So I have been really good about not going out to eat because I want to show my kids that Mamí does cook and well. I also was appalled at myself for allowing my kids to get to the point that they know a lot of the names of fast food restaurants. Hence my weight gain. No excuses though. Yes, I am a single mother who works hard at what I do... I come home exhausted daily, and by the time I do get home all I want to do is pretty much go to bed. Some days I don't feel hungry but make myself eat because despite my weight, it is unhealthy to miss a meal. I will admit though, I could go without several meals and survive fine. Maybe a little woozy, but I would live. Starving myself, however, is not an option.
I was really proud of myself for not succumbing to eating out until I failed myself and got Sonic for breakfast, then Thursday I broke down and got Chick-Fi-A because I forgot to take down the fish I was going to cook for dinner. I got the grilled chicken sandwich sans waffle fries (which I love) and a large lemonade. I felt I had failed myself and my children, but mostly myself for breaking down. However, I tried to console myself with the fact that my sandwich had absolutely no dressing, but then I felt guilt because I added cheese. I had this internal battle with myself over the very meal I was consuming. It was horrible.
Then yesterday I did myself worse. I went out to eat at a sit down restaurant, had a full meal, plus 3 glasses of margaritas. Then later I went to a late night movie and had a small popcorn with butter and a red velvet cake with milk. The cake was delish down to the last bite, but then when I went home feeling a little sick because of the popcorn. I felt utter disgust. (I even woke up this way at 5am until it went away). The popcorn did me in more than the cake! I went to bed feeling full of guilt and not physically full at all. (Which was the only plus). It then occurred to me that when the kids are away I splurge so much on food it is ridiculous! I didn't even realize I was doing this to myself until I had come to consoling myself over the fact that at least this time I had not come home (on a weekend sans kids) feeling so full I felt sick to stomach and could not fall asleep at all! I need to get into something on the weekend that is doing something other than eating! I did not realize how much of self-destruction I was causing.
A few years back I came to the realization, through reading a blog about eating, that I had a love/hate relationship with food. I accepted it as much and moved on. The breakdown of my relationship was seeming like this to me: I love food because most of it is yummy and I hate it because of what it does to my body.
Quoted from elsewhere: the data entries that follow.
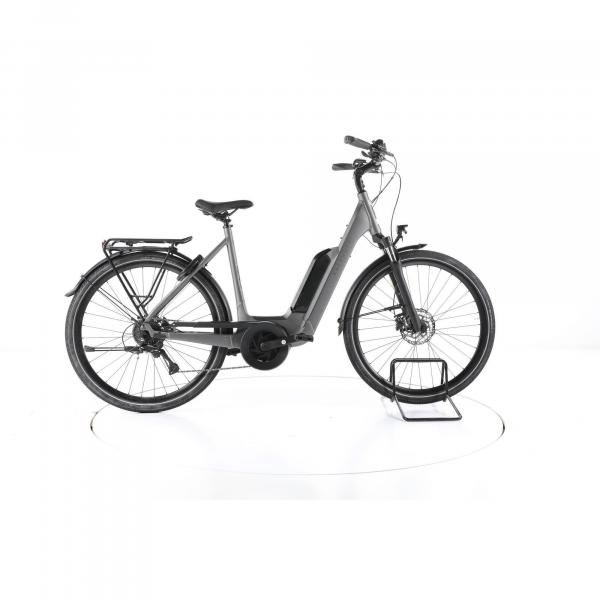 Second Life - Kalkhoff Endeavour 1.B Move E-Bike Niska rama 2024 - Stan dobry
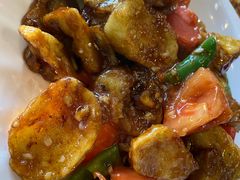 -金家老三饭庄(常营店)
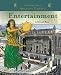 Ancient Greece Entertainment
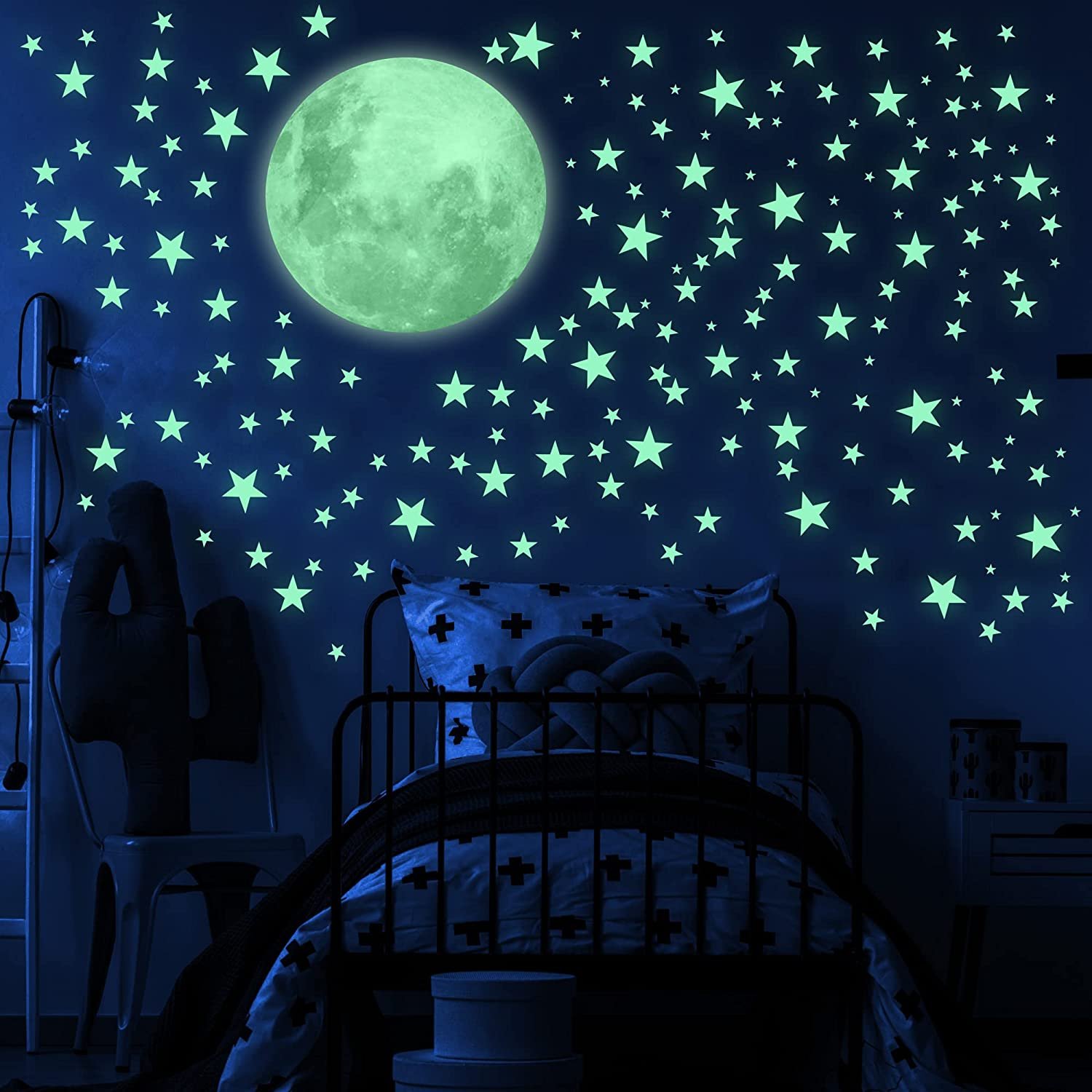 Nachtlicht - Liderstar Sternenhimmel Nachtlicht - Liderstar Sternenhimmel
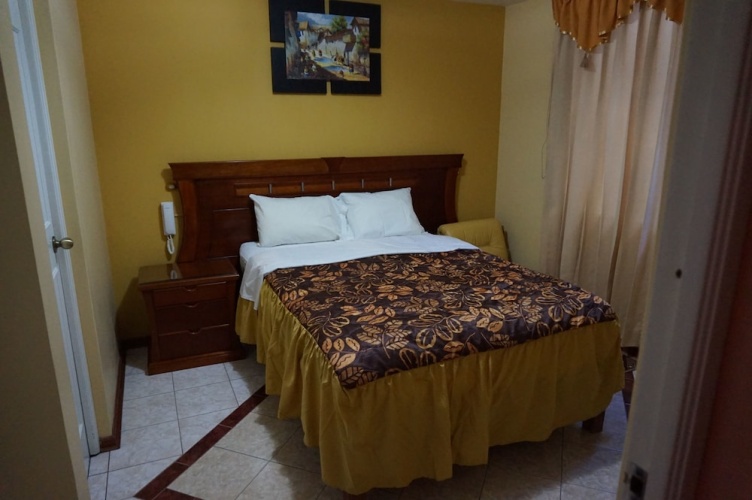 Hostal El Imperio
I hated that everything that I love to taste in my mouth and savor were the very things that were so not healthy for me or unnatural to begin with. Prime example, my LOVE for hot Cheetos with lemon or lime (depending which is on hand). This is not a natural product (minus the lemon/lime) from the earth. It is processed junk and I knew/know it, but I still ate/eat it!
Like Jamie Oliver says, if you read the label and you cannot make out what the heck it says and it sounds like a whole bunch of scientific mumbo jumbo, then it is NOT good for you!! IT'S JUNK! I need to be smarter with my eating habits. I realize this is my downfall. I also realize I cannot do this alone. Writing about it is my way of being transparent and putting a label on the emotions behind it all. I have to write what I am feeling. What provokes me to eat this way, the way it makes me feel after, etc. If I don't I will keep on living in denial and turn a blind eye, or worse... keep numbing the pain. Maybe even all of the above.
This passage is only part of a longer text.